Chèvres 8 mai 2023

Une croissance à contrôler pour éviter que l’histoire ne se répète

DRUMMONDVILLE – Pour éviter la déconfiture des années 2000 qui a suivi une importante période de croissance de la production, les éleveurs laitiers caprins se doteront d’un règlement de contingent et d’un comité qui permettront de structurer la croissance en arrimant l’offre et la demande. 

En 2022, les producteurs ont livré 5,9 millions de litres de lait. En 2023, ils prévoient en fournir 10 % de plus, soit un peu plus de 7 millions, pour combler la demande des acheteurs. Ces derniers auraient toutefois de l’appétit pour 8 millions de litres et ont demandé aux éleveurs leurs prévisions de volumes pour 2024 et 2025 en vue d’une croissance. 

Déjà-vu

Au début des années 2000 aussi, la demande était forte pour le lait de chèvre. En Montérégie, l’usine de transformation d’Agropur à Saint-Damase, Damafro, s’était engagée par contrat à prendre les volumes produits et à suivre les producteurs dans leurs plans de croissance. 

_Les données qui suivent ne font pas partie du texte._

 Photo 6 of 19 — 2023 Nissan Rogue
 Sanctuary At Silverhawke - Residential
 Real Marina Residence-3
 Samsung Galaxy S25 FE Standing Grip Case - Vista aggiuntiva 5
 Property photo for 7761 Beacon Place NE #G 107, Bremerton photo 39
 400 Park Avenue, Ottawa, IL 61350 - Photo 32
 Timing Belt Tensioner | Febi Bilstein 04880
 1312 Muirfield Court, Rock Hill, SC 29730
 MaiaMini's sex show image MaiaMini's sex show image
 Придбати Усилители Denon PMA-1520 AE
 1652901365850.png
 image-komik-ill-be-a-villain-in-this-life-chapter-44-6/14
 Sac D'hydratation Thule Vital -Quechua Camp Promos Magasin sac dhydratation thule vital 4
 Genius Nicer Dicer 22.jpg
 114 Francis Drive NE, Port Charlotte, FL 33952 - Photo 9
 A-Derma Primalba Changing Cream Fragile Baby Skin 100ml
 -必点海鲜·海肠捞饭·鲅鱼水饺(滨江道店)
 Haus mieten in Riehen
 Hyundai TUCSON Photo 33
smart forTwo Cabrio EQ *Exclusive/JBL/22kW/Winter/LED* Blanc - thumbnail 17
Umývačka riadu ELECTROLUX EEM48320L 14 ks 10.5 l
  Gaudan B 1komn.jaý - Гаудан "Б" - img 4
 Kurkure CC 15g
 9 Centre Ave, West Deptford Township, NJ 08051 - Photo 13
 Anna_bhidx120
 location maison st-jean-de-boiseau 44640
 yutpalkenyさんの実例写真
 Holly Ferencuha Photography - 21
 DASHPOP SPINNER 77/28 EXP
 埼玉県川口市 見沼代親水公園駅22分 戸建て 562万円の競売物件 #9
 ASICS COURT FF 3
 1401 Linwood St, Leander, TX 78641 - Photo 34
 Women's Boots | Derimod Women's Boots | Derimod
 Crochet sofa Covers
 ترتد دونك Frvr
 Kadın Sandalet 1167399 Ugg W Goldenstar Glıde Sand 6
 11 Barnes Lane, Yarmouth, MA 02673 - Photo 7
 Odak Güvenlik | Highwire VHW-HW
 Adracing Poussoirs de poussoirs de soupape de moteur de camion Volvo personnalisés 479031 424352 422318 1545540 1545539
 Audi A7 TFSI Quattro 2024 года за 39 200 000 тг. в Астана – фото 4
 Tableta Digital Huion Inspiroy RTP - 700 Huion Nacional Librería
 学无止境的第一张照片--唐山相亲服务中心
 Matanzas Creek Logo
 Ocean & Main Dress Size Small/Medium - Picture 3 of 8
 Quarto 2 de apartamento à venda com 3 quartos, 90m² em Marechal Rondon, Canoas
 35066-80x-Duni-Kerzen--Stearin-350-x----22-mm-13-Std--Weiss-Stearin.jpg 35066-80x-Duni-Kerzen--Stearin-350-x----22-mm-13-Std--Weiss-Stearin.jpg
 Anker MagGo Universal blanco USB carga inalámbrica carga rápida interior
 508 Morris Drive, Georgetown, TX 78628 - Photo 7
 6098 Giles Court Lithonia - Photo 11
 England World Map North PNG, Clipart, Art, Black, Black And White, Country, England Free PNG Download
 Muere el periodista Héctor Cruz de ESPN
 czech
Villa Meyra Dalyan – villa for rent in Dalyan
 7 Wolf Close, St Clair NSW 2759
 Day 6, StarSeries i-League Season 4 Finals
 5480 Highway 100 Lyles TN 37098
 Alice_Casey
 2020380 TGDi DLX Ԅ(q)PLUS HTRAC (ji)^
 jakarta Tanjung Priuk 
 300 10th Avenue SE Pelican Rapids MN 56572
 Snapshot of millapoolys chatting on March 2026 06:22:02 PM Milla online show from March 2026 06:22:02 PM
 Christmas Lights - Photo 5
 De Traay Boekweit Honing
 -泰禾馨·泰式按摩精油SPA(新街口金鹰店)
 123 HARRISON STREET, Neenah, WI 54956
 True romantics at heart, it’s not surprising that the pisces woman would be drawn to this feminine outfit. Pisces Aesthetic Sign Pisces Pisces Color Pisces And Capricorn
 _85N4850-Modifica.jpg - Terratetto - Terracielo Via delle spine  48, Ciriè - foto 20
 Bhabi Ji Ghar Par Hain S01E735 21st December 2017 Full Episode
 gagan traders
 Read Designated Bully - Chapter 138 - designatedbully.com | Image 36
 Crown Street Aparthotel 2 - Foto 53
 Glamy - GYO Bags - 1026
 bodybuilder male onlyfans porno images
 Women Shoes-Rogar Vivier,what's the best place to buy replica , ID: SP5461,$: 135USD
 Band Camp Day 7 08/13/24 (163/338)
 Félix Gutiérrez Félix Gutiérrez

Selon la productrice de longue date Fabiola Clair, l’histoire se répète. En assemblée générale annuelle, le 24 avril, elle a fait une comparaison entre le prix obtenu dans la dernière négociation de la convention, en décembre 2022, et la forte augmentation du prix du lait offerte aux producteurs par Damafro il y a 20 ans. « Ça permettait aux producteurs d’avoir un beau portrait à présenter aux institutions financières, et c’est là que ça a commencé à produire en fou », a-t-elle rappelé.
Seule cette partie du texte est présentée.